Pierre Berger, un patron atypique dans le BTP
Le PDG du groupe Eiffage, décédé à 47 ans, a tout fait pour redresser son entreprise.
La nouvelle a créé la stupeur. Vendredi matin, Eiffage a annoncé « avec une grande émotion et une profonde tristesse » le décès, dans la nuit, de son président-directeur général, Pierre Berger . Il avait quarante-sept ans. Victime d’une crise cardiaque, ce patron, charismatique, sportif et audacieux malgré son allure sage, avait succédé à Jean-François Roverato en 2012, à la tête du troisième groupe de BTP français derrière Vinci et Bouygues. Au terme d’un parcours fulgurant. Hors des sentiers battus.
Bachelier à 15 ans, Pierre Berger a été Polytechnicien avant même d’en avoir 18. Et, contrairement à ses camarades de l’X qui ont rejoint l’administration, ce dirigeant affable, né à Issy-les-Moulineaux et diplômé de l’école nationale des Ponts et Chaussées, a démissionné de ce corps pour créer son propre bureau d’études, Sigmatec. En 1992, année noire. Sans capital ou presque… « Je me suis lancé au moment de la crise du BT-P et avec 50.000 francs, dont 34.000 empruntés à mes parents, qui ont servi à acheter un ordinateur et un logiciel de calcul spécialisé trouvé aux Etats-Unis », avait-il confié, en 2011, aux « Echos ».
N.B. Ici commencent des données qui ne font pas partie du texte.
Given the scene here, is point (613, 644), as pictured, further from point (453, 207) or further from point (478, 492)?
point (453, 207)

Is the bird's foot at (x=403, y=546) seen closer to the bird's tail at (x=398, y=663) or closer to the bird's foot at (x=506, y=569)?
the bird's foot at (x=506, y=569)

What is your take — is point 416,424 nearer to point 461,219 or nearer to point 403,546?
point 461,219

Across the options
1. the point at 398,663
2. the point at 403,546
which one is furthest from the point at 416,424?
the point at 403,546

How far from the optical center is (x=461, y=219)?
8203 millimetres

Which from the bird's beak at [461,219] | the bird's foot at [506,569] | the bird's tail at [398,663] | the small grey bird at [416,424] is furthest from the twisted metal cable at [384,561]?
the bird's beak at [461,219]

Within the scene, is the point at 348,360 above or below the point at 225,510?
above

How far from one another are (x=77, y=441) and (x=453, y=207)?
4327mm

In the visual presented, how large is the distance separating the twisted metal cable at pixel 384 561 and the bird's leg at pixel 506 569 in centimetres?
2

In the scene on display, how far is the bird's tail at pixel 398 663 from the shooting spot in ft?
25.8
Qu’importe ! Ce passionné d’architecture, grand amateur de jardins, savait construire ! Deux ans après sa création, son cabinet est racheté par Ménard Soltraitement, société de renom où il avait fait un stage, et dont le jeune leader ne tarde pas à prendre les rênes : en 1999, il en devient directeur général… et pilote son intégration au sein de Freyssinet, filiale de Vinci, entrant dans le groupe à son tour.
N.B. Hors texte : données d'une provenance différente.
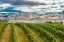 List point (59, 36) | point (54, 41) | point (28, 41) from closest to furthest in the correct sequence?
point (54, 41), point (28, 41), point (59, 36)

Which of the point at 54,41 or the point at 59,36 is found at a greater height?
the point at 54,41

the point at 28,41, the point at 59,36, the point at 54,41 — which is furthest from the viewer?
the point at 59,36

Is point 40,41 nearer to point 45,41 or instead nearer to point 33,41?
point 45,41

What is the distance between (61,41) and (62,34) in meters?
4.53

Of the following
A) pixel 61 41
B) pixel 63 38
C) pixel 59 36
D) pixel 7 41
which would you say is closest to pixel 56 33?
pixel 59 36

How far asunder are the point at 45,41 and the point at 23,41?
3234 millimetres

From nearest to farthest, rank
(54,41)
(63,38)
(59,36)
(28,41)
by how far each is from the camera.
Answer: (54,41)
(28,41)
(63,38)
(59,36)

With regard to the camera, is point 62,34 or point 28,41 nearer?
point 28,41

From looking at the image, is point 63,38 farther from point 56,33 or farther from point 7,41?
point 7,41

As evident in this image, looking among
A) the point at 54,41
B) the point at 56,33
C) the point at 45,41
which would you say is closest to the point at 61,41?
the point at 45,41

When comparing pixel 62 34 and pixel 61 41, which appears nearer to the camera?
pixel 61 41

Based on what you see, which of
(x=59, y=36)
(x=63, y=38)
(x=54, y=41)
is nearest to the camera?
(x=54, y=41)

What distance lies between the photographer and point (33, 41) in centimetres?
3192

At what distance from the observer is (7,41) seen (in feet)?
119
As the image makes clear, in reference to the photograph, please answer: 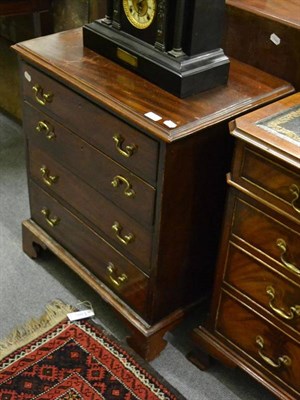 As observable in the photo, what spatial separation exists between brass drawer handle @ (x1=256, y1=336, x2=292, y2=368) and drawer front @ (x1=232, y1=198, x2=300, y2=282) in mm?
252

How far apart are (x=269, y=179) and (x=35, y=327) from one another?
941 millimetres

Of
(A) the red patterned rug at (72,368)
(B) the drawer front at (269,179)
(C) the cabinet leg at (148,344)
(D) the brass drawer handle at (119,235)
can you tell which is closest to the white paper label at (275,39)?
(B) the drawer front at (269,179)

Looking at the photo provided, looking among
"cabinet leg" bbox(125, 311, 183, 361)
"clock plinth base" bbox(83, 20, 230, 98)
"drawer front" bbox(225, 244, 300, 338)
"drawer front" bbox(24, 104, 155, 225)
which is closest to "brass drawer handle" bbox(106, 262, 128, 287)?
"cabinet leg" bbox(125, 311, 183, 361)

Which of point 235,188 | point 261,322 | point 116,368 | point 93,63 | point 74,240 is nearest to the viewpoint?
point 235,188

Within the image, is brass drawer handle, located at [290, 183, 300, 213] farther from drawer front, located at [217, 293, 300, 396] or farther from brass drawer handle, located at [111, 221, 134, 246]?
brass drawer handle, located at [111, 221, 134, 246]

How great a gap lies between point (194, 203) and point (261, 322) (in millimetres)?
350

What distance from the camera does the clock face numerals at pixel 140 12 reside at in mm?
1480

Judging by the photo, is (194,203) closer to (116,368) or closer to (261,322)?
(261,322)

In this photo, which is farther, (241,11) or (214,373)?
(214,373)

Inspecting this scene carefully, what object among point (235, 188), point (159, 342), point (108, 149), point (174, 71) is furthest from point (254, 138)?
point (159, 342)

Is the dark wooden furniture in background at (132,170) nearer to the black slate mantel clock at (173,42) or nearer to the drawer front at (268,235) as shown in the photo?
the black slate mantel clock at (173,42)

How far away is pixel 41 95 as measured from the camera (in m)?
1.72

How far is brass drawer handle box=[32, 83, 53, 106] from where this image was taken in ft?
5.52

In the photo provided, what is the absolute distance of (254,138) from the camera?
1.28 metres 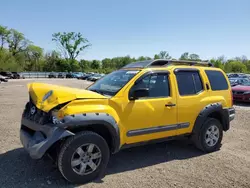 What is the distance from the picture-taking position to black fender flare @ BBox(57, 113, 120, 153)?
3410 mm

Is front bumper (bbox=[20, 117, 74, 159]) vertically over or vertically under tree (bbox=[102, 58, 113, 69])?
under

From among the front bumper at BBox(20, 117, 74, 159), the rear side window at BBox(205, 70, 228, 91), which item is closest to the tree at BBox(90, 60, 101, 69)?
the rear side window at BBox(205, 70, 228, 91)

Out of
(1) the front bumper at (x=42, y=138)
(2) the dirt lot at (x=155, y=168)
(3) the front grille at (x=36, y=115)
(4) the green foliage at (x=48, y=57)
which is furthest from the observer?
(4) the green foliage at (x=48, y=57)

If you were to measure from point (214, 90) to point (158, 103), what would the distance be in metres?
1.72

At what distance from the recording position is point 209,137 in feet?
17.1

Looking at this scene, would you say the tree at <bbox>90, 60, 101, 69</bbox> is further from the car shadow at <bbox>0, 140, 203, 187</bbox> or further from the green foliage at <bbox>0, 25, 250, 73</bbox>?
the car shadow at <bbox>0, 140, 203, 187</bbox>

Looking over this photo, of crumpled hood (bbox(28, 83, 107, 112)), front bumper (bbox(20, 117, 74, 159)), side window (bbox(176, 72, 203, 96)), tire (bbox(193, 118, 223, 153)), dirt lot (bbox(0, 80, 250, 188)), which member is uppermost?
side window (bbox(176, 72, 203, 96))

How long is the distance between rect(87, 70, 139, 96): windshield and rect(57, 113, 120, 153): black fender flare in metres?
0.52

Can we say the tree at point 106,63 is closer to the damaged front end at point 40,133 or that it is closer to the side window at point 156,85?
the side window at point 156,85

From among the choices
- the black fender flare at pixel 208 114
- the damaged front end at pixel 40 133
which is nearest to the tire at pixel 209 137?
the black fender flare at pixel 208 114

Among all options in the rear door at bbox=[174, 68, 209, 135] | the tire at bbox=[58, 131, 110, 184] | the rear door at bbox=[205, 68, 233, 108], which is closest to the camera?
the tire at bbox=[58, 131, 110, 184]

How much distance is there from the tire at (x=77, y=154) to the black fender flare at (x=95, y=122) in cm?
17

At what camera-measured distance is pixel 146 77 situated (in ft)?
14.4

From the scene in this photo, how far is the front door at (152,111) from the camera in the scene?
13.4 feet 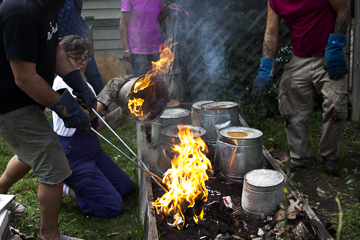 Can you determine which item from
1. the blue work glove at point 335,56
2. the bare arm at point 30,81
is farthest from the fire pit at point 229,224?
the blue work glove at point 335,56

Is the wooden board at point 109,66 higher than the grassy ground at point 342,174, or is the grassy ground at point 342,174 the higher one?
the wooden board at point 109,66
Les échelons quatre à quatre
« Pierre rayonnait par son intelligence, son charisme et une capacité à être visionnaire avec dix coups d’avance sur les événements, raconte son ami Jérôme Stubler, président de Vinci Construction, et son camarade à l’X. Il aurait pu être un grand physicien. Il aurait pu être un grand économiste. Il a été un grand patron. »
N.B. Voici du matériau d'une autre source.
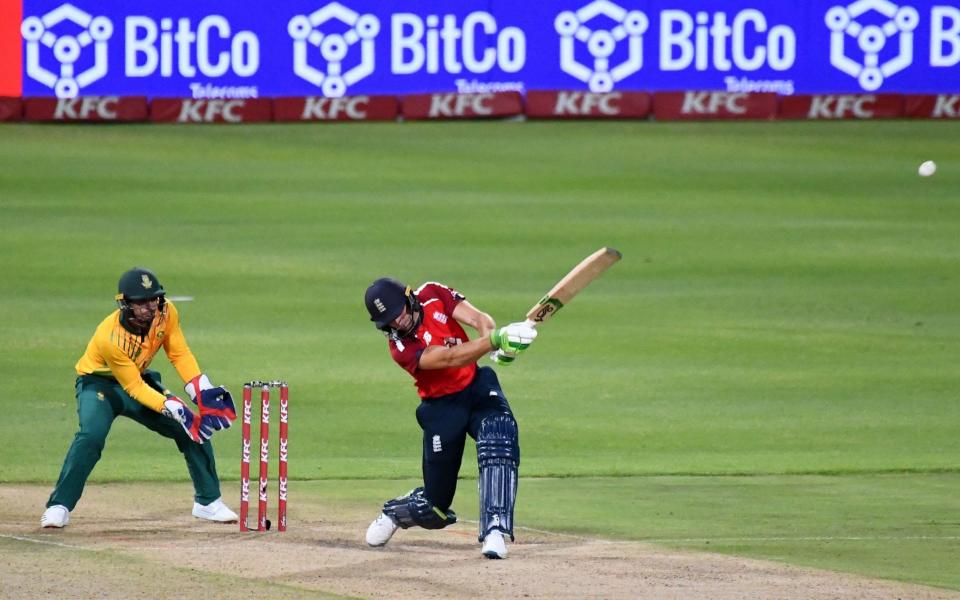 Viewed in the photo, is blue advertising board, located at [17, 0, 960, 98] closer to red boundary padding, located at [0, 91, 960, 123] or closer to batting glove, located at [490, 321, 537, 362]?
red boundary padding, located at [0, 91, 960, 123]

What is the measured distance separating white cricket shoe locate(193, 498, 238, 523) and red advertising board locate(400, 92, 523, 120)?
69.9 feet

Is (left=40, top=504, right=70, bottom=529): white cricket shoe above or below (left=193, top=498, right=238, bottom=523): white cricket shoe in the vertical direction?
above

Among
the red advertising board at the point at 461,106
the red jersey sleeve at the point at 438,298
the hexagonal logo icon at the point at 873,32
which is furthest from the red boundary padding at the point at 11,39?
the red jersey sleeve at the point at 438,298

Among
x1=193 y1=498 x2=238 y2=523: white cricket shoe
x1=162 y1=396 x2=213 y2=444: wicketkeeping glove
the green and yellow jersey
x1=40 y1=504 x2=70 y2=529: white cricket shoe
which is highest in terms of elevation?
the green and yellow jersey

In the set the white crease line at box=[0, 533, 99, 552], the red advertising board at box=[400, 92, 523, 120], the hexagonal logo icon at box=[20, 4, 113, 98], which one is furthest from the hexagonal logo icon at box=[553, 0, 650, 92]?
the white crease line at box=[0, 533, 99, 552]

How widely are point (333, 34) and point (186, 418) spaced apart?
68.6 feet

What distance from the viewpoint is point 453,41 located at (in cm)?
3075

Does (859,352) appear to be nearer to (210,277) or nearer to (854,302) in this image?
(854,302)

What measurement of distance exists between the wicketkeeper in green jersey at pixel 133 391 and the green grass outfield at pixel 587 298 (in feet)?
5.53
Chez Vinci – et tout au long de sa vie – Pierre Berger a gravi les échelons quatre à quatre, jusqu’à devenir directeur général (en 2004) puis président (en 2008) de Vinci Construction grands projets. « A son arrivée en 2004, il ne voulait ni secrétaire, ni voiture, et envoyait ses mails à une heure du matin », avait raconté un collègue de l’époque.
C’est là, dans la galaxie Vinci, concurrent d’Eiffage, que Jean-François Roverato viendra le chercher en 2010 pour en faire son dauphin. «Il était à l’aise chez Eiffage. Il était chez lui », témoigne un salarié, ému. Vendredi, l’émotion n’épargnait pas les dirigeants du groupe. «C’était un homme courageux. Notre pays en compte peu. raconte Michel Gostoli, président d’Eiffage Construction. «?Il avait le courage d’aborder avec ténacité toutes les situations. Et il adorait notre métier. Il disait souvent, n’oubliez pas que c’est sur le chantier que vit notre entreprise ».
Energie
Fils de polytechnicien, ingénieur dans l’âme et père de trois enfants encore jeunes, Pierre Berger bloquait parfois, dans son agenda, une après-midi entière pour parcourir une région, passant de chantier à chantier, à la rencontre des collaborateurs, bottes aux pieds, casque sur la tête. « Il débordait d’une énergie qu’il savait vous transmettre. Et il avait une capacité hors du commun à se passionner, à s’enthousiasmer. Il tirait tout le monde vers le haut », témoigne Christian Cassayre, directeur financier d’Eiffage.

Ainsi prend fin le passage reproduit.